• [EXTRACTED DATA]
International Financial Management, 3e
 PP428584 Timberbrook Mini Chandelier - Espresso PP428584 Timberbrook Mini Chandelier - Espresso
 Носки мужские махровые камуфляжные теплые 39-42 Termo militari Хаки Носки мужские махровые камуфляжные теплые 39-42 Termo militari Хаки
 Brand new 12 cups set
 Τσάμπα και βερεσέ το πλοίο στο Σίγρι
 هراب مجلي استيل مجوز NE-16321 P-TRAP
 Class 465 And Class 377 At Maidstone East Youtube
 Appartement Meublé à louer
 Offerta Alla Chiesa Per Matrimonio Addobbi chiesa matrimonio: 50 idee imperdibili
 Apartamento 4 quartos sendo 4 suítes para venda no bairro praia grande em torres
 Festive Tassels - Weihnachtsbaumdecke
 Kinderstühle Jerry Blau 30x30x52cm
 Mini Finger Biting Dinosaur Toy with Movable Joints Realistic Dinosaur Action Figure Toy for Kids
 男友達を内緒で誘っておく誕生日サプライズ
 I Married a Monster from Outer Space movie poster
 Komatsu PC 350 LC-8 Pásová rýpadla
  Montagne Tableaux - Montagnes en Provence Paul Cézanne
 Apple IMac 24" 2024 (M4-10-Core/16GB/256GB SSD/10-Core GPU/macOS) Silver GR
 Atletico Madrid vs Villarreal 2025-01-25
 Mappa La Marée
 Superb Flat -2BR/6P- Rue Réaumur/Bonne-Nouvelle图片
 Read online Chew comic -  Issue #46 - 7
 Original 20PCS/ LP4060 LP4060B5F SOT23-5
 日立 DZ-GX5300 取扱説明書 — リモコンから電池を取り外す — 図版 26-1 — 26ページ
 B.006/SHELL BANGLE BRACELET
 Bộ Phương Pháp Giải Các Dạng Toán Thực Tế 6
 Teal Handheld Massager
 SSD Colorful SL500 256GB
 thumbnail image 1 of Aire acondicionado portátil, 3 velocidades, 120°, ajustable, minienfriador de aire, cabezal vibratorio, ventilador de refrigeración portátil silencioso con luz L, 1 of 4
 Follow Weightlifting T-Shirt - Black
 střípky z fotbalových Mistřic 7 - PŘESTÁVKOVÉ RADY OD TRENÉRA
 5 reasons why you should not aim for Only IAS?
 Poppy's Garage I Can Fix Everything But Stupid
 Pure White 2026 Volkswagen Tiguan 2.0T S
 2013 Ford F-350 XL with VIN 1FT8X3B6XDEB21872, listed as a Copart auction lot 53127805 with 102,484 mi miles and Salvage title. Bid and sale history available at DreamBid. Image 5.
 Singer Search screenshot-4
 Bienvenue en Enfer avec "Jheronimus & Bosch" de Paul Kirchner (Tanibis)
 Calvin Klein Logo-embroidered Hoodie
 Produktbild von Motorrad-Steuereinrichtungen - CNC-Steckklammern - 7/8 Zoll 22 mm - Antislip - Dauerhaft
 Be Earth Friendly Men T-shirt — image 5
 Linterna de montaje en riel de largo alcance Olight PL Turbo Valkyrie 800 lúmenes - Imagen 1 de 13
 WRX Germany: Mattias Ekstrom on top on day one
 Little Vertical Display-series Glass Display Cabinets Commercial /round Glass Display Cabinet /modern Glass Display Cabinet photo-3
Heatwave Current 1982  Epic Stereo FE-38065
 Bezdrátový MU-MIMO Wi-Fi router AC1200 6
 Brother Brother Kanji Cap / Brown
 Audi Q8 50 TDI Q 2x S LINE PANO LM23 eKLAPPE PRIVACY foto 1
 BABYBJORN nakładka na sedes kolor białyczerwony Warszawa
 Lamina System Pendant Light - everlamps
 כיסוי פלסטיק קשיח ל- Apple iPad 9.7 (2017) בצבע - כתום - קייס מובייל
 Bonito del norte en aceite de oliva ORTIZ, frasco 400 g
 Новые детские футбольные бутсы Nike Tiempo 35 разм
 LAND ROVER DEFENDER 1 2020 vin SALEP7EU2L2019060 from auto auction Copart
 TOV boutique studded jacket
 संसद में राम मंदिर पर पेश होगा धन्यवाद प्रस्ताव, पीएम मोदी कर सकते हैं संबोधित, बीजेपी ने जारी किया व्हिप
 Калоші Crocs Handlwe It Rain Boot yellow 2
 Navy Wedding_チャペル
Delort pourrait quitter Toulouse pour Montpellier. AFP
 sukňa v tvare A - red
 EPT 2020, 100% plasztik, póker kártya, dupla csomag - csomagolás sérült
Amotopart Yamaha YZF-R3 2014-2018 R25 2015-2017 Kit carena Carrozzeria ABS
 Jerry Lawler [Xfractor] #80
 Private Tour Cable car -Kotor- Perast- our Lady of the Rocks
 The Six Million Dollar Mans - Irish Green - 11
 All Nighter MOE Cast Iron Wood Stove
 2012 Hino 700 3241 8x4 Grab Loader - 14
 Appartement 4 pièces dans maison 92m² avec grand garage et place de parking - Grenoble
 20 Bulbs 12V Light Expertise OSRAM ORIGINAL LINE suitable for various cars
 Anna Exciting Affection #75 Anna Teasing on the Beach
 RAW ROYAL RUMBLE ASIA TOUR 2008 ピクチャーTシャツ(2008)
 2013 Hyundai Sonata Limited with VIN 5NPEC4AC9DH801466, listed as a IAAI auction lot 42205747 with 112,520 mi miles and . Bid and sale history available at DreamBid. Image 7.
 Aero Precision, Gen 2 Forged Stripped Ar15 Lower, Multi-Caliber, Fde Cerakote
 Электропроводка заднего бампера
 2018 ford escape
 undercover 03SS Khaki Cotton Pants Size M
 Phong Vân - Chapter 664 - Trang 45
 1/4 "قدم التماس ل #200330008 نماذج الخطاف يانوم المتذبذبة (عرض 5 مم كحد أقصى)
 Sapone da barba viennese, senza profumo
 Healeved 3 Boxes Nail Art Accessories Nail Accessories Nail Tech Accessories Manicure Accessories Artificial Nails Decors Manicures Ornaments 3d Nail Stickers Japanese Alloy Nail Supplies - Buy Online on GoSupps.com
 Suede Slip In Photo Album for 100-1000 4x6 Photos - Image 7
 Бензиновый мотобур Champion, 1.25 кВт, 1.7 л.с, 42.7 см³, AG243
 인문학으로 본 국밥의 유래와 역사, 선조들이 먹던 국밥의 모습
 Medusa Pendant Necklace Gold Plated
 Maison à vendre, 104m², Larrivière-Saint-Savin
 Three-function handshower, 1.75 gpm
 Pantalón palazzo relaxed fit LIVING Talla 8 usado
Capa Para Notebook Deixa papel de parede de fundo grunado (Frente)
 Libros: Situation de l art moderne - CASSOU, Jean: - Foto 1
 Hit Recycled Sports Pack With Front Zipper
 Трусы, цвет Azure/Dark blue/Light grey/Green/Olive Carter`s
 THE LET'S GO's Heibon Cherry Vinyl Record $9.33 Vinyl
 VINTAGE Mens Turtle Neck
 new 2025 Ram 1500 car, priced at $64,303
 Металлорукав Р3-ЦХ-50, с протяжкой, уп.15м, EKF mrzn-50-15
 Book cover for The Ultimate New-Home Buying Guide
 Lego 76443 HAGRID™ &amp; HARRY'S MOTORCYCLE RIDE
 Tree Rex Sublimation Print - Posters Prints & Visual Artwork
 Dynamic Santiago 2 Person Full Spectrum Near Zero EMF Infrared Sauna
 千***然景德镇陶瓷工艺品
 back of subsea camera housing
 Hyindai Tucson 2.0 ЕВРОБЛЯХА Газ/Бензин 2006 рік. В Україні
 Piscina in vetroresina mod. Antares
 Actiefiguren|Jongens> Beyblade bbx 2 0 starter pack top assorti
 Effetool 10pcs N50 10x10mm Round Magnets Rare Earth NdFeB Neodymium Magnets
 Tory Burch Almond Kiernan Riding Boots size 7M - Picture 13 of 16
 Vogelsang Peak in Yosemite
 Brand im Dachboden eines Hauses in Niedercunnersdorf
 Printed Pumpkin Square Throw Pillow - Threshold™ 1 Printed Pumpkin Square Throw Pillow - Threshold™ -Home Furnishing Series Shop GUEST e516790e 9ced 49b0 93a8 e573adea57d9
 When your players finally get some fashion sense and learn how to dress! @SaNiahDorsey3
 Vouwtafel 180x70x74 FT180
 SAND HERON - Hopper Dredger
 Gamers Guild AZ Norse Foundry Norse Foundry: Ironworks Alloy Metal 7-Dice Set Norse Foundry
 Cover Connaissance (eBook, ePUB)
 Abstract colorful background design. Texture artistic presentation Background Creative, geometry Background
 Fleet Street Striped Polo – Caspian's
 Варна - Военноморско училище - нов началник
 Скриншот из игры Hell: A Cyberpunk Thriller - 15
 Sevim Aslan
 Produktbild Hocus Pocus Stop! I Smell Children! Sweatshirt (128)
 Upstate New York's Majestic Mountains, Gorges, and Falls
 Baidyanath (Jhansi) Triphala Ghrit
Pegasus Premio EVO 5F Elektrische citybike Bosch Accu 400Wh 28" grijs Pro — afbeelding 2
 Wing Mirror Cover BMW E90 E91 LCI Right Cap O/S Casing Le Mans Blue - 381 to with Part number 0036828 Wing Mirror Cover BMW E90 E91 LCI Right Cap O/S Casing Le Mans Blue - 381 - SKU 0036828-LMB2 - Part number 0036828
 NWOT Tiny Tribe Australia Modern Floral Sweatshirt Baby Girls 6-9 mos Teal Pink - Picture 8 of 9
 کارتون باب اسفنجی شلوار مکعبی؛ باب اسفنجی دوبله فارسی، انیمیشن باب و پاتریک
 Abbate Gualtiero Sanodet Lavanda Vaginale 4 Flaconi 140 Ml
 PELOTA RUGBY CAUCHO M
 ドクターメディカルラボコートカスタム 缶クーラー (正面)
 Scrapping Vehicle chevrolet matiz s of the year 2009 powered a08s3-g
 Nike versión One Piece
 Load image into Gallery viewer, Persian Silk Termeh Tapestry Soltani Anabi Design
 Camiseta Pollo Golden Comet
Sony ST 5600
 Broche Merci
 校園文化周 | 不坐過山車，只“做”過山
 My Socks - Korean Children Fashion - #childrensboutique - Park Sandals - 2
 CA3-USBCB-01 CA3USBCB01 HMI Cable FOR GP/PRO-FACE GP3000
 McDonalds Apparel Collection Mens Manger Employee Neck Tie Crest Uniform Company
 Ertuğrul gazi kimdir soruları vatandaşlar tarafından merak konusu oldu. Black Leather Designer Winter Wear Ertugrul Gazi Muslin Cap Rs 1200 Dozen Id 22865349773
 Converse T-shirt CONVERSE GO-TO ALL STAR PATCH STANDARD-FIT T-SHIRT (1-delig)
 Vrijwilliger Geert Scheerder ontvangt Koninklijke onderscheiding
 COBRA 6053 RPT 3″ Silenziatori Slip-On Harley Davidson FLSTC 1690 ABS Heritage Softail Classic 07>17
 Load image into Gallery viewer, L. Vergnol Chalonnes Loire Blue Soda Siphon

• [WHAT NEEDS TO BE DONE] Copy out the range of lines above starting at the line with "संसद में राम" and ending at the line with "RAW ROYAL RUMBLE", exactly and including both.

• [EXERCISE SOLUTION]
 संसद में राम मंदिर पर पेश होगा धन्यवाद प्रस्ताव, पीएम मोदी कर सकते हैं संबोधित, बीजेपी ने जारी किया व्हिप
 Калоші Crocs Handlwe It Rain Boot yellow 2
 Navy Wedding_チャペル
Delort pourrait quitter Toulouse pour Montpellier. AFP
 sukňa v tvare A - red
 EPT 2020, 100% plasztik, póker kártya, dupla csomag - csomagolás sérült
Amotopart Yamaha YZF-R3 2014-2018 R25 2015-2017 Kit carena Carrozzeria ABS
 Jerry Lawler [Xfractor] #80
 Private Tour Cable car -Kotor- Perast- our Lady of the Rocks
 The Six Million Dollar Mans - Irish Green - 11
 All Nighter MOE Cast Iron Wood Stove
 2012 Hino 700 3241 8x4 Grab Loader - 14
 Appartement 4 pièces dans maison 92m² avec grand garage et place de parking - Grenoble
 20 Bulbs 12V Light Expertise OSRAM ORIGINAL LINE suitable for various cars
 Anna Exciting Affection #75 Anna Teasing on the Beach
 RAW ROYAL RUMBLE ASIA TOUR 2008 ピクチャーTシャツ(2008)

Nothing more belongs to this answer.